Question

Escape velocity of an atmospheric particle which is $1000km$ above the earth’s surface, is (radius of earth is $6400km$ and $g = 10m/{s^2}$ )
(A) $6.5km/s$
(B) $8km/s$
(C) $10km/s$
(D) $11.2km/s$

Answer 1

Hint To solve this question, we have to use the definition of the escape velocity. Then we need to deduce the expression for the escape velocity using the energy conservation principle. Then on substituting the values which are given in the question, we get the value of the escape velocity.

Formula Used: The formula which is used in solving this question is given by
$U = - \dfrac{{Gm{M_e}}}{{{R_e} + h}}$ , here $U$ is the gravitational potential energy of an object of mass $m$ , which is situated at a height of $h$ above the surface of the earth having mass ${M_e}$ and radius ${R_e}$ .

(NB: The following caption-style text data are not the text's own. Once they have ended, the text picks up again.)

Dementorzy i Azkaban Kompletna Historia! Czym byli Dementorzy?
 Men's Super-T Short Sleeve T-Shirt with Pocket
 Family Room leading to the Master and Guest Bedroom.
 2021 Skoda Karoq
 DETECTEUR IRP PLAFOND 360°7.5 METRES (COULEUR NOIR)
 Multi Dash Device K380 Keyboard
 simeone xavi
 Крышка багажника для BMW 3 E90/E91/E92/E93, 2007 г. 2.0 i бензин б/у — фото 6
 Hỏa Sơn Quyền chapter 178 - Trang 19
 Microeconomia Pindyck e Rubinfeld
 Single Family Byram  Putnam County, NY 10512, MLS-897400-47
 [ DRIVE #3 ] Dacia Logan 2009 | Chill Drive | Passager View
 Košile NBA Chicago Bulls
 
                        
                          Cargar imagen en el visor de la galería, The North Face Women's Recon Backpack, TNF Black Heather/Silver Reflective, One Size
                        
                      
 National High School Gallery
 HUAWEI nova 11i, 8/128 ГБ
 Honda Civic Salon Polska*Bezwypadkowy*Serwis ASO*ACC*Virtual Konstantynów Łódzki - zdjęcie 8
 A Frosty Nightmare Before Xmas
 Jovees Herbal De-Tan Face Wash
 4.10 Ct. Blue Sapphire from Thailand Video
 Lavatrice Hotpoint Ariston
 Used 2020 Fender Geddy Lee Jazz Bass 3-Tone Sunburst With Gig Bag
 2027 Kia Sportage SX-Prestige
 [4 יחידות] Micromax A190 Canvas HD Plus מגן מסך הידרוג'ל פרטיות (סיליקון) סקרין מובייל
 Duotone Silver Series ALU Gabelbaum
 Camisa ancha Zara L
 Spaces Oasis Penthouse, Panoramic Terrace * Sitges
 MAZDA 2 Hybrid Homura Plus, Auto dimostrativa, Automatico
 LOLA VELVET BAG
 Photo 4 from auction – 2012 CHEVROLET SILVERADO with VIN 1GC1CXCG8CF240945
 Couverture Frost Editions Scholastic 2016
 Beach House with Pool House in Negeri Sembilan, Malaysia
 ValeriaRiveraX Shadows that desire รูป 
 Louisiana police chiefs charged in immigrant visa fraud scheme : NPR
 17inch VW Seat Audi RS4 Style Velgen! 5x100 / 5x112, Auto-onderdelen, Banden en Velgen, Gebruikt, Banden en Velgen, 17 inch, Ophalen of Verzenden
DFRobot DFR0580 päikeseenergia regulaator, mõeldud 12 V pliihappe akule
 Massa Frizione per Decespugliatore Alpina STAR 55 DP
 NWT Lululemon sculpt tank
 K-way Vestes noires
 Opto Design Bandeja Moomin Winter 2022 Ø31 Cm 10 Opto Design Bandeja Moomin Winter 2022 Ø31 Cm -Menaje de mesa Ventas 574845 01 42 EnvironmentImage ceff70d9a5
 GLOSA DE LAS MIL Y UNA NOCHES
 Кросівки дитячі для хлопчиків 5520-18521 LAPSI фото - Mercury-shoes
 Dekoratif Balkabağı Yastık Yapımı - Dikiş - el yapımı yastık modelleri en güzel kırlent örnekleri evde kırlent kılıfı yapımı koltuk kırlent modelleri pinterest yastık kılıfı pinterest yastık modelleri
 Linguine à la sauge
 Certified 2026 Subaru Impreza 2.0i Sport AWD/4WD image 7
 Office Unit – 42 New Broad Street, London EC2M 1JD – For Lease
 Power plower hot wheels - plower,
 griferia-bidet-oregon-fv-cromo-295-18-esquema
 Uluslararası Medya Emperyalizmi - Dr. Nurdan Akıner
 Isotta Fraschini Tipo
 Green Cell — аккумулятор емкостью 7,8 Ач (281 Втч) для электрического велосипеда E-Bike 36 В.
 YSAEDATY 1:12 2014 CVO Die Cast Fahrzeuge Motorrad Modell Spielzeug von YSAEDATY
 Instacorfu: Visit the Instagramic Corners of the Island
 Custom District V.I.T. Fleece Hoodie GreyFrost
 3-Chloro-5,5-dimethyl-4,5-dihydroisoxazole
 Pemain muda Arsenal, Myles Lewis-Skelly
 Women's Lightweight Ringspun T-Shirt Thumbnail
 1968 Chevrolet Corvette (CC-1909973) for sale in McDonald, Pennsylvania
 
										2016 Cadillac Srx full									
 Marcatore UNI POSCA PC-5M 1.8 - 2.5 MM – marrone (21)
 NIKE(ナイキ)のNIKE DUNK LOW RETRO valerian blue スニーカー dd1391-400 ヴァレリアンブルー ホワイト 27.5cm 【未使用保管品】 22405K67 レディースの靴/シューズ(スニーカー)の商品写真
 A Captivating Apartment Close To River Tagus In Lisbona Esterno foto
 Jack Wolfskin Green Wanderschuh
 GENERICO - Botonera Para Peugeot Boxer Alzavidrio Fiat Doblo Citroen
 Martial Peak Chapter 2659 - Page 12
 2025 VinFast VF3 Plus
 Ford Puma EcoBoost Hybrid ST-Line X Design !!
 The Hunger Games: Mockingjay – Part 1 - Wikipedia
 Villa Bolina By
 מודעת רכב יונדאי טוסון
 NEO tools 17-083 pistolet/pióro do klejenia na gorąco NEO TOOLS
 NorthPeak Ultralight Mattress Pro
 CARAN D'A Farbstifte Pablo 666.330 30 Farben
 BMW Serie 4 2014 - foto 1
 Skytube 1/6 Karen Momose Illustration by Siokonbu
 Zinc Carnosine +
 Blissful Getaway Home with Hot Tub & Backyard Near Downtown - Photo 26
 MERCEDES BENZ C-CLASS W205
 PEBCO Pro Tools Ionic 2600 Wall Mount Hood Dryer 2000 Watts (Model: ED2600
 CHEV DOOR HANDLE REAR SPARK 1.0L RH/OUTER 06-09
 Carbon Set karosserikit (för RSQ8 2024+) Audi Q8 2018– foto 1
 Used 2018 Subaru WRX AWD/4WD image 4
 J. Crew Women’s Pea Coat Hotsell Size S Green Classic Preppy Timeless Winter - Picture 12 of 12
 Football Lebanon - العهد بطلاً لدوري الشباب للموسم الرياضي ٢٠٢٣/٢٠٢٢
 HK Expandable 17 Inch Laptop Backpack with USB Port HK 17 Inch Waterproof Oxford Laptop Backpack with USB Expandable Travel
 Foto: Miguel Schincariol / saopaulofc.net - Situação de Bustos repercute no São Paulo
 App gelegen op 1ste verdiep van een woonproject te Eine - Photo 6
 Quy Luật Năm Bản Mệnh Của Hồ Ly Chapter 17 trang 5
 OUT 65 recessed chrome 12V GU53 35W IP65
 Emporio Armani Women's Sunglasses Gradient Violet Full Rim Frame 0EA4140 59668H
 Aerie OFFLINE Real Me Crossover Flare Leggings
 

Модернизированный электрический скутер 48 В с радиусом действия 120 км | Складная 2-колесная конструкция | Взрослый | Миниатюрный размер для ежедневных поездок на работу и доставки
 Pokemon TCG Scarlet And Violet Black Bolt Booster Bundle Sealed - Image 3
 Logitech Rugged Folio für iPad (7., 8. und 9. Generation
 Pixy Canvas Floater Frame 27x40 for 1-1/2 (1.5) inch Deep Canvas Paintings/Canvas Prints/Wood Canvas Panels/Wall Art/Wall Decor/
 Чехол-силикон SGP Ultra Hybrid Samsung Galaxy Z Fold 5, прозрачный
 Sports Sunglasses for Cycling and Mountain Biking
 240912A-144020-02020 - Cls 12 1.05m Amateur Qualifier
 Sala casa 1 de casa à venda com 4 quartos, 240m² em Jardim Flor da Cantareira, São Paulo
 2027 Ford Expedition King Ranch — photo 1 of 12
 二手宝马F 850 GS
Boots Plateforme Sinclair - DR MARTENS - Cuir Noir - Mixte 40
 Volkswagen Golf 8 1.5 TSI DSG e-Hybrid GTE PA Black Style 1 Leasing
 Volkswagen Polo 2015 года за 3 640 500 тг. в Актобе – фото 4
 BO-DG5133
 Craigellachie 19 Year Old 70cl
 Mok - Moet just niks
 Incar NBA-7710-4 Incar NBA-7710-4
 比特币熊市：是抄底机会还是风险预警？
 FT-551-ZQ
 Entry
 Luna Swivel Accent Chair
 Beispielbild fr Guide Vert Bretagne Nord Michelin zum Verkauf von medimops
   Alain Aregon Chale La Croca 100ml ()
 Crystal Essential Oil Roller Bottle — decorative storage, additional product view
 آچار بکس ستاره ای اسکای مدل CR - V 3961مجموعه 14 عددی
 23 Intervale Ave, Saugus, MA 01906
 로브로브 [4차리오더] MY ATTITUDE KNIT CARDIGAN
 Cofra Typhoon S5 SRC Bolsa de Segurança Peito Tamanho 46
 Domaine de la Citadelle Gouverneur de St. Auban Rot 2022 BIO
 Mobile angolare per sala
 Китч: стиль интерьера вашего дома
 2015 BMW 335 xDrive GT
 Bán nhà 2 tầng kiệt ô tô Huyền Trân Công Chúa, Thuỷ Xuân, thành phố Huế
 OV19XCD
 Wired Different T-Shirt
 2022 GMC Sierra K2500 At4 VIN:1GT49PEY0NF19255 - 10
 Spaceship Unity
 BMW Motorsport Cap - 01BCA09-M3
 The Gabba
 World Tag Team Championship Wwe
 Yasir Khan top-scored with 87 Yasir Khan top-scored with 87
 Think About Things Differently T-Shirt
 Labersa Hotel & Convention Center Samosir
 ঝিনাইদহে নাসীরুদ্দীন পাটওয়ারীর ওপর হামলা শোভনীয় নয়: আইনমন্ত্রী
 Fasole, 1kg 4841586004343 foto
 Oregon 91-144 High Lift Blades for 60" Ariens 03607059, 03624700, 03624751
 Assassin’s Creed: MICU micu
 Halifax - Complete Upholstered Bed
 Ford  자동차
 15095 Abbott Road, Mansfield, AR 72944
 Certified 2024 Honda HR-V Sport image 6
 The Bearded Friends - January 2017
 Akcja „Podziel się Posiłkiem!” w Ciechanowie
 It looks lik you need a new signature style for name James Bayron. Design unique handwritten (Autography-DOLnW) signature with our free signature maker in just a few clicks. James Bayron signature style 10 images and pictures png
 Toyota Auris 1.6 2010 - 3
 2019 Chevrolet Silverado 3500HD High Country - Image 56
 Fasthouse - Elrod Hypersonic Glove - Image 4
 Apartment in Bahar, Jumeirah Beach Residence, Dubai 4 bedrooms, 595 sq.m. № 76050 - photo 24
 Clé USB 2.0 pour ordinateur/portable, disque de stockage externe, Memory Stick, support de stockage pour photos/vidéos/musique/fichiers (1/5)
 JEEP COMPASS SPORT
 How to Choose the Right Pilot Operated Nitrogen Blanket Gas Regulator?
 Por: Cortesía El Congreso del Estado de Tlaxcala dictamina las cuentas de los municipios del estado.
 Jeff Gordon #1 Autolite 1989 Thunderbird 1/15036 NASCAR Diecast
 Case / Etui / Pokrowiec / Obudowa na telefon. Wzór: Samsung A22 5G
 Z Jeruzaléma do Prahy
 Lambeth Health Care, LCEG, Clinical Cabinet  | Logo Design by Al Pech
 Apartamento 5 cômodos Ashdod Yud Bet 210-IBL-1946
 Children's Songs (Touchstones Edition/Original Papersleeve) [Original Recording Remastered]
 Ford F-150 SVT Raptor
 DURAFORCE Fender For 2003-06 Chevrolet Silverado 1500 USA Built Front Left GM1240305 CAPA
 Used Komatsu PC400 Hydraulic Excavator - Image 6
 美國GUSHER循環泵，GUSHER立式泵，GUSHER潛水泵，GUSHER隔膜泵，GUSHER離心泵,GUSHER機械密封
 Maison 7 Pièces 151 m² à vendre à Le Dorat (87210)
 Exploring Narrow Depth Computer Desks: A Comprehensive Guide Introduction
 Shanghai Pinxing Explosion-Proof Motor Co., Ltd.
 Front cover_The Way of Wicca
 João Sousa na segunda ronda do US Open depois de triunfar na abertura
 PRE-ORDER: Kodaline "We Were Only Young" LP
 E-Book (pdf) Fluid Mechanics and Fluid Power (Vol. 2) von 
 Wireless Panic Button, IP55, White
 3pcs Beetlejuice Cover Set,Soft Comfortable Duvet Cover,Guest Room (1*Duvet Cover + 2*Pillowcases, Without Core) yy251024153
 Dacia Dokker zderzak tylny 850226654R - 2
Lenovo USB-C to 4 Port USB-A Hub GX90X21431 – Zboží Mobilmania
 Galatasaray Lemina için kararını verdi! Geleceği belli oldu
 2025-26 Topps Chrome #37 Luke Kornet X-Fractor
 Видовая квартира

Complete step by step answer
We know that the escape velocity of an object is defined as the minimum velocity required to be provided to that object so that it gets free from the gravitational influence of the earth. Let the escape velocity of the atmospheric particle be ${v_e}$ . Now, we know that the gravitational potential energy of an object located at some height above the earth’s surface is given by
$U = - \dfrac{{Gm{M_e}}}{{{R_e} + h}}$ (i)
When at the same location, the particle is given an escape velocity of ${v_e}$ , then the kinetic energy imparted to the particle is given by
$K = \dfrac{1}{2}m{v_e}^2$ (ii)
So the total mechanical energy of the particle at the location becomes
$E = K + U$
From (i) and (ii) we have
$E = \dfrac{1}{2}m{v_e}^2 - \dfrac{{Gm{M_e}}}{{{R_e} + h}}$ (iii)
Now, as we know that the gravitational potential energy is taken with respect to the infinity, where it is taken as zero. So, as we are providing the particle the minimum velocity, so the kinetic energy imparted is just sufficient to make the particle reach to infinity. Thus at infinity, the kinetic energy of the particle must become zero. As the potential energy is also zero at infinity, so the total energy of the particle at infinity becomes
${E_\infty } = K + U = 0$ (iv)
As no other force apart from the gravitational force acts on the particle, so from the energy conservation principle we get
$E = {E_\infty }$
From (iii) and (iv)
$\dfrac{1}{2}m{v_e}^2 - \dfrac{{Gm{M_e}}}{{\left( {{R_e} + h} \right)}} = 0$
$\Rightarrow \dfrac{1}{2}m{v_e}^2 = \dfrac{{Gm{M_e}}}{{\left( {{R_e} + h} \right)}}$
Cancelling $m$ from both the sides, we get
$\Rightarrow \dfrac{1}{2}{v_e}^2 = \dfrac{{G{M_e}}}{{\left( {{R_e} + h} \right)}}$
Multiplying by $2$ and taking square root both the sides, we get
${v_e} = \sqrt {\dfrac{{2G{M_e}}}{{\left( {{R_e} + h} \right)}}}$
Multiplying and dividing by ${R_e}^2$ inside the root
${v_e} = \sqrt {\dfrac{{2G{M_e}{R_e}^2}}{{{R_e}^2\left( {{R_e} + h} \right)}}}$ (v)
Now, we know that the acceleration due to gravity is given by
$g = \dfrac{{G{M_e}}}{{{R_e}^2}}$
Putting in (v) we get
${v_e} = \sqrt {\dfrac{{2g{R_e}^2}}{{\left( {{R_e} + h} \right)}}}$ (vi)
According to the question, we have $g = 10m/{s^2}$ ,
${R_e} = 6400km = 6.4 \times {10^6}m$ , and
$h = 1000km = {10^6}m$
Substituting these in (vi) we get
${v_e} = \sqrt {\dfrac{{2 \times 10 \times {{\left( {6.4 \times {{10}^6}} \right)}^2}}}{{\left( {6.4 \times {{10}^6} + {{10}^6}} \right)}}}$
On solving we get
${v_e} = 10521.54m/s$
This can be approximated as
${v_e} \approx 10km/s$
Thus, the escape velocity of the atmospheric particle is approximately equal to $10km/s$ .
Hence, the correct answer is option (C).

Note
We should not use the popular formula for the escape velocity, which is given by
${v_e} = \sqrt {2g{R_e}}$
This is an approximation for the escape velocity when the height of the particle above the earth’s surface is negligibly small compared to the radius of the earth. But in this question, we can clearly see that the height is comparable to the radius. Hence, we had to derive the exact expression.